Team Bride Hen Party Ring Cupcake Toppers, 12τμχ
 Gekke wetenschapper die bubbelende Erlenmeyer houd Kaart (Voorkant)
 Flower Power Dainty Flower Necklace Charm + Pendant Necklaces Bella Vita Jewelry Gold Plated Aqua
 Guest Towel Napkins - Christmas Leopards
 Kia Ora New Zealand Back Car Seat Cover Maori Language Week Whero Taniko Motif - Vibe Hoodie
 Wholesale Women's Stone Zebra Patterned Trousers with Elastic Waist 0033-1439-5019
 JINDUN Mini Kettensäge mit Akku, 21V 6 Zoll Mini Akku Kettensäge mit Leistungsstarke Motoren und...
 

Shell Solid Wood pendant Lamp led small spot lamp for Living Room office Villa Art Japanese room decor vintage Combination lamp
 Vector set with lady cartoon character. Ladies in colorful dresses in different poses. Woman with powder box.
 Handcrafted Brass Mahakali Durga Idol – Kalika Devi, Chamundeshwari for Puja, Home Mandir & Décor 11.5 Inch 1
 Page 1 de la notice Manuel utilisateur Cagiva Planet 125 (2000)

AIM OF THE TASK. Note each line above that holds "with", then copy all of them.

TASK OUTPUT.
 Wholesale Women's Stone Zebra Patterned Trousers with Elastic Waist 0033-1439-5019
 Vector set with lady cartoon character. Ladies in colorful dresses in different poses. Woman with powder box.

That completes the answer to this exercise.